Documentário da cineasta brasileira Mara Mourão discute o empreendedorismo social, nascido das ONGs, em meio à crise do sistema capitalista

Nestes tempos de incertezas, criadas pela crise do sistema capitalista, é comum surgir meias soluções para amenizar as agruras das camadas populares. Já tivemos a fase das Organizações Não Governamentais (ONGs), brotadas nos anos 80 do forno neoliberal de Margareth Thatcher. Agora é o empreendedorismo social, cujo guru é o estadunidense Bill Drayton, da Aschoka. Se o primeiro foi apresentado como Terceiro Setor para “preencher” o espaço do Estado em várias áreas, inclusive sociais, este surfa na falência do sistema financeiro para insistir no microcrédito, como solução das carências financeiras das camadas populares em todos continentes.
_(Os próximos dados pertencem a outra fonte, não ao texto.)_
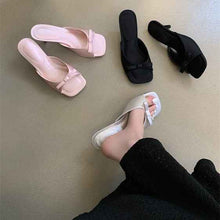 French-style Sophisticated Bow-tie Square-toe Open-toe Stiletto Sandals For Women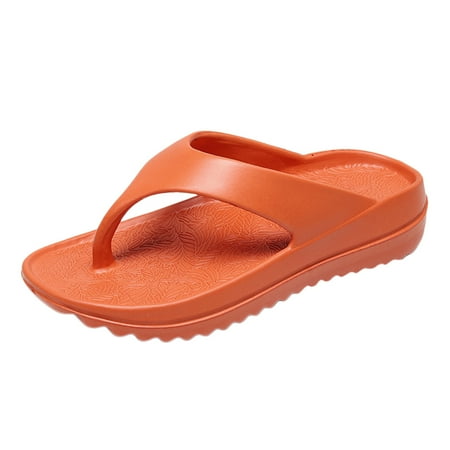 OJSFQUFP Lazy Shoes Women s Orthotic Flip Flops with Arch Support Soft Thong Pillow Sandals Cute Flip Flops for Women Orange 41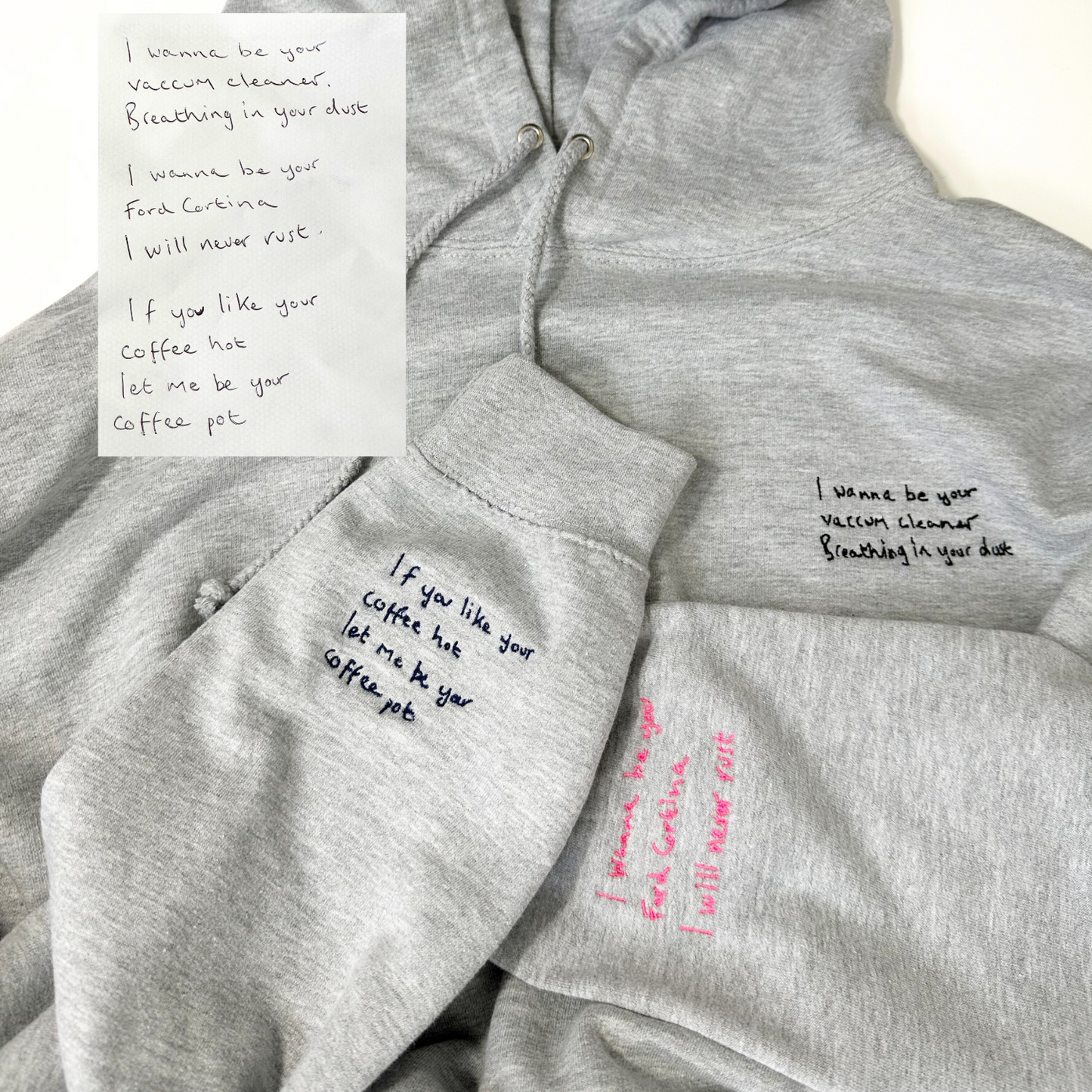 Customised Handwritten Note Embroidered on Sleeve and Breast of High-Quality Message Hoodie - Upload Your Own Image for Personalised Embroidery that means the world t o you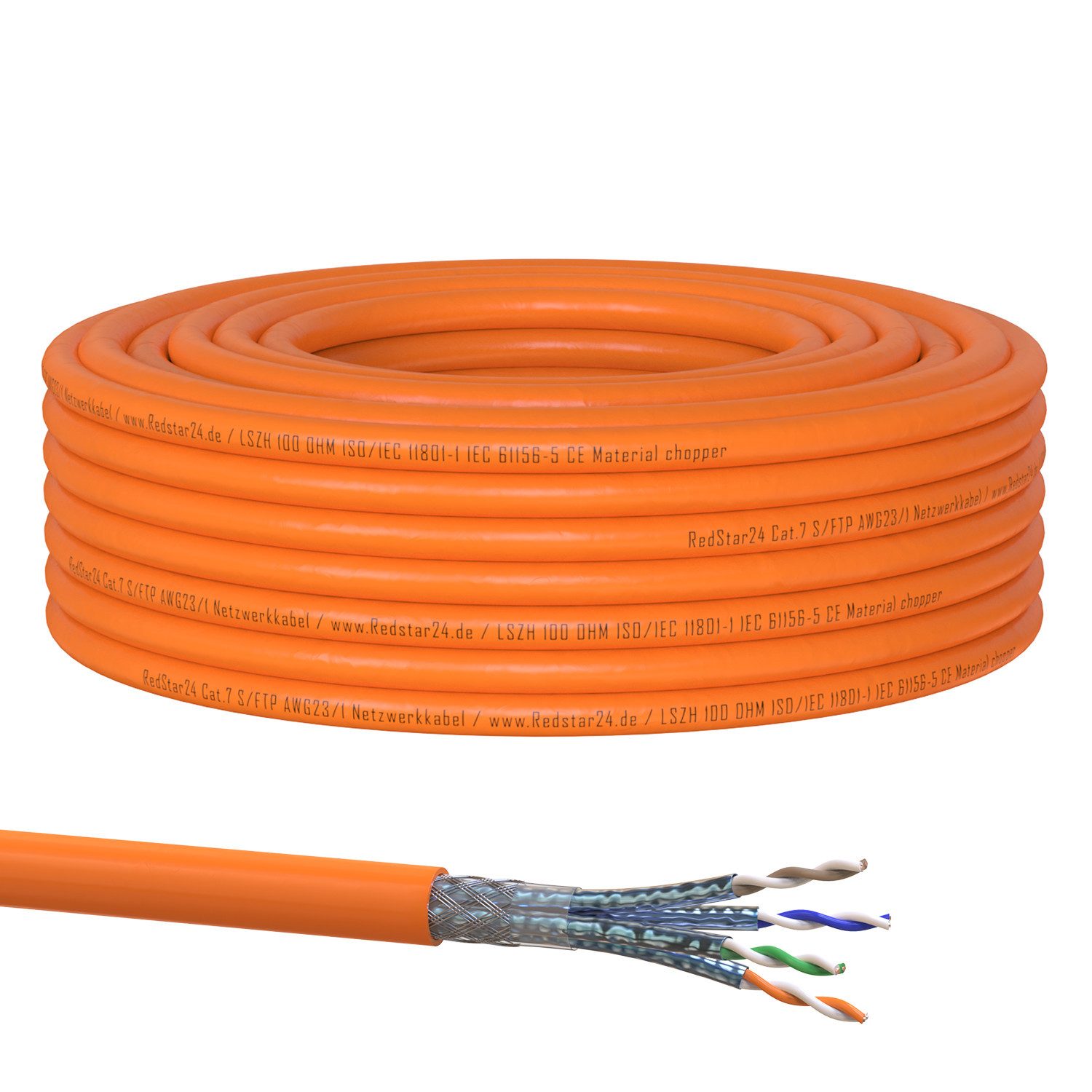 RedStar24 Cat.7 Netzwerkkabel Verlegekabel 1000 MHz S/FTP 15 m Rolle PIMF Orange Netzwerkkabel, (1500 cm)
Pelo discurso apresentado por seus portavozes no documentário “Quem Se Importa”, da brasileira Mara Mourão, eles não acreditam mais no Estado (Capitalista). Suas soluções como ocorre na micropolítica são individuais. Seu lema é: “Faça a sua parte”. Embora critiquem a falta de políticas de inclusão social, não apontam os culpados pela miséria vivida pelas camadas populares. Seus projetos são pontuais: saúde, moradia, assistência jurídica, microcrédito. Suas organizações sociais preenchem espaços deixados pelo Estado burguês, com microsoluções. A crise do neoliberalismo fez surgir projetos sociais em suas bordas, que podem amenizar não solucionar os problemas criados.
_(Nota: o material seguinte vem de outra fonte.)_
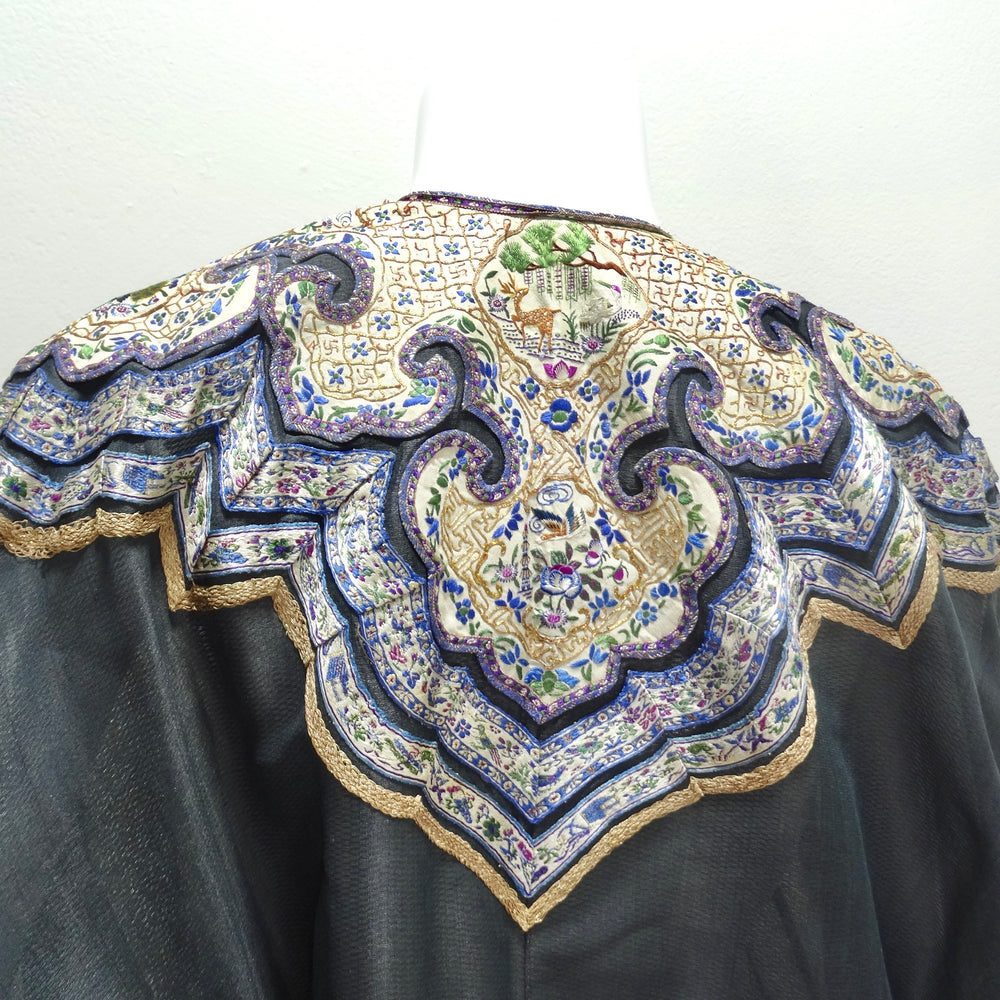 Antique 1930s Embroidered Chinese Gauze Robe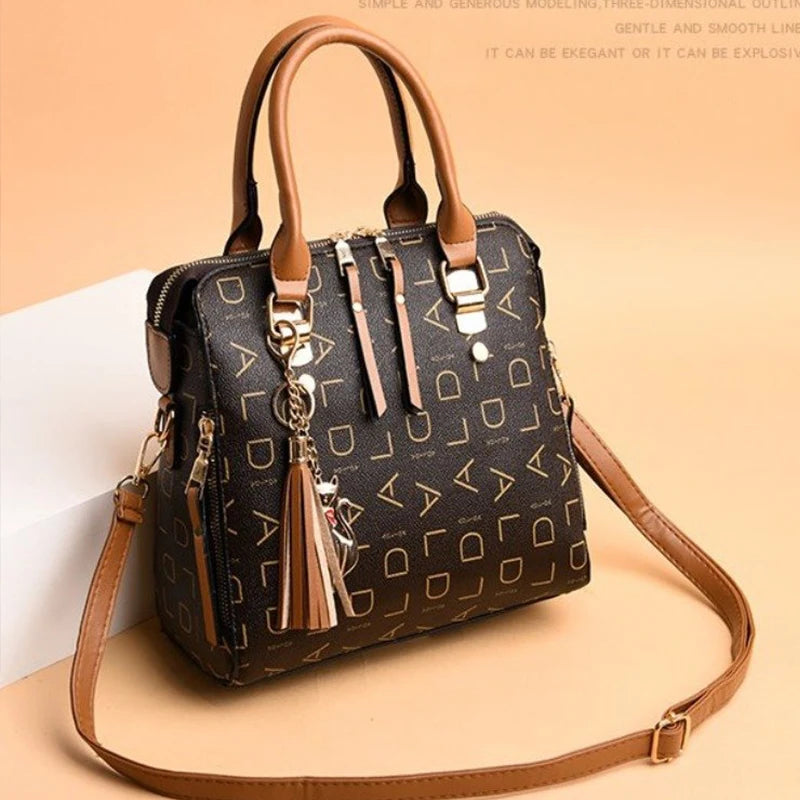 English Letter PU Leather Tassel Handbag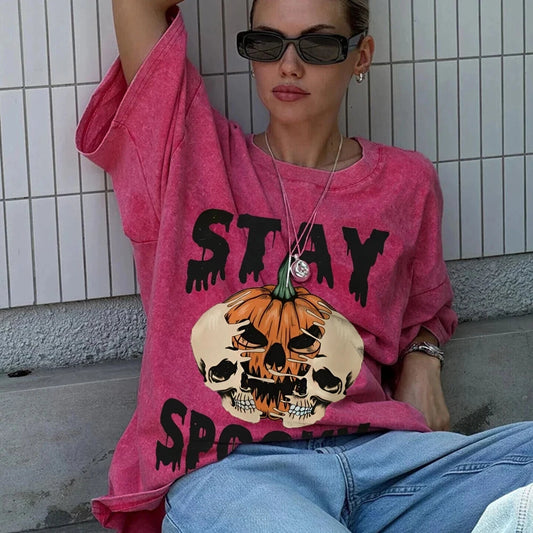 Neutral Style Retro Outfit T-Shirt Pure Cotton High Quality Pumpkin Letter Graphic Printing Fashion Trend Loose Short Sleeves Good Vibrations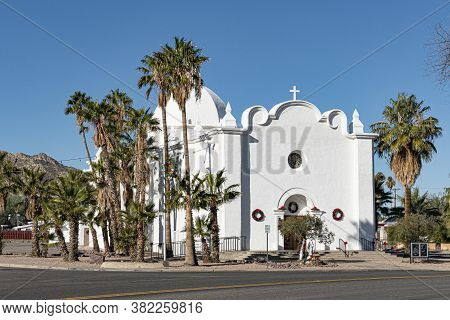 Historic Catholic Church In Ajo, Arizona, Usa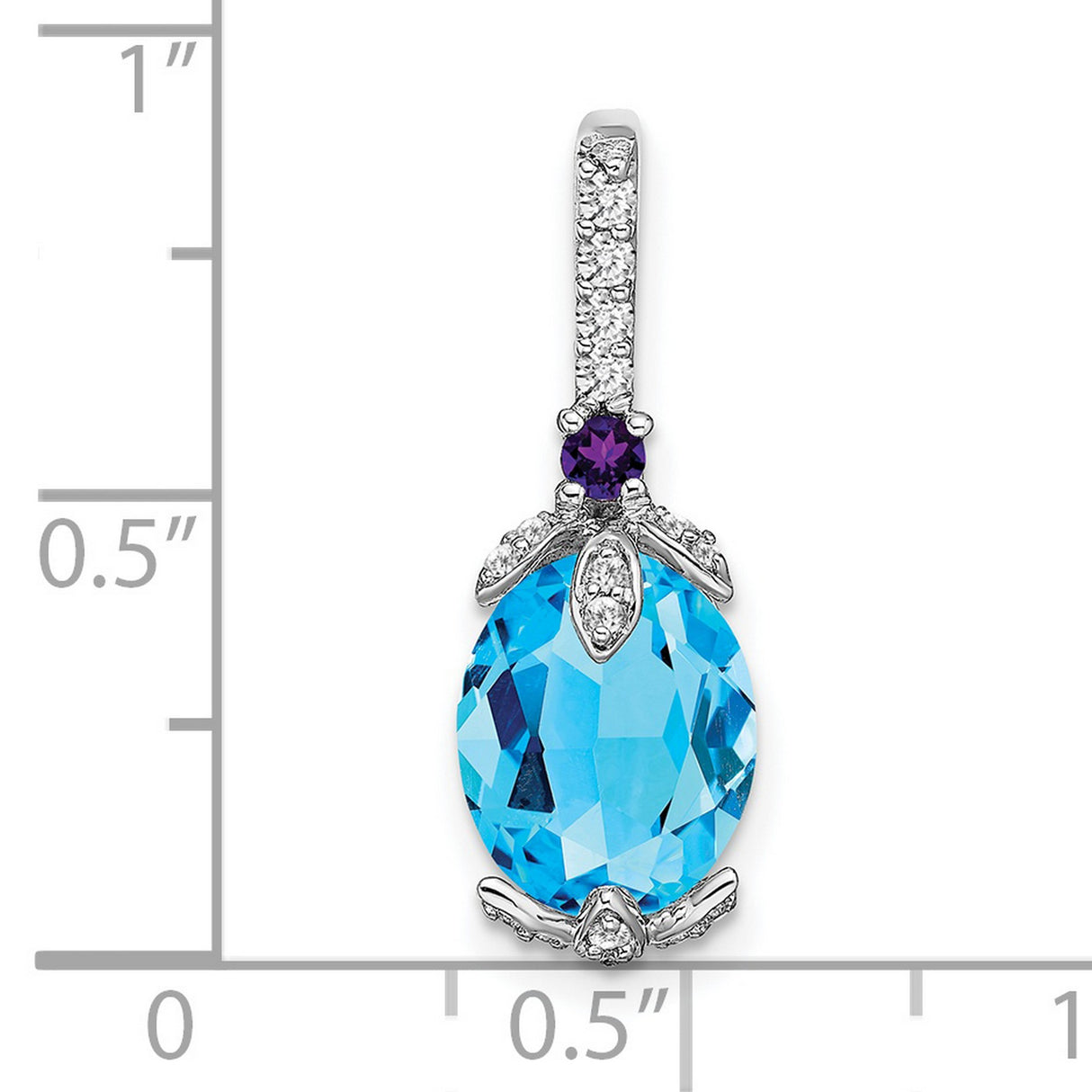 14k White Gold Pendant with Swiss Blue Topaz, Amethyst Accent, and Diamond-Like Stones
Há um clima de autoestímulo para solucionar um problema específico das camadas populares. O empreendedor social africano instalou banheiros populares e eles se tornaram fonte de renda para a comunidade. O paquistanês Mohammad Yunus criou o microcrédito para emprestar pequenas quantias às camadas populares e recebeu o Prêmio Nobel da Paz. E serviu de modelo para o canadense Al Et Masnski montar seu projeto de microcrédito virtual e o brasileiro Joaquim Melo criar a moeda “Palma”. É a expansão do supostamente pequeno capital para as camadas excluídas entrarem no mercado financeiro.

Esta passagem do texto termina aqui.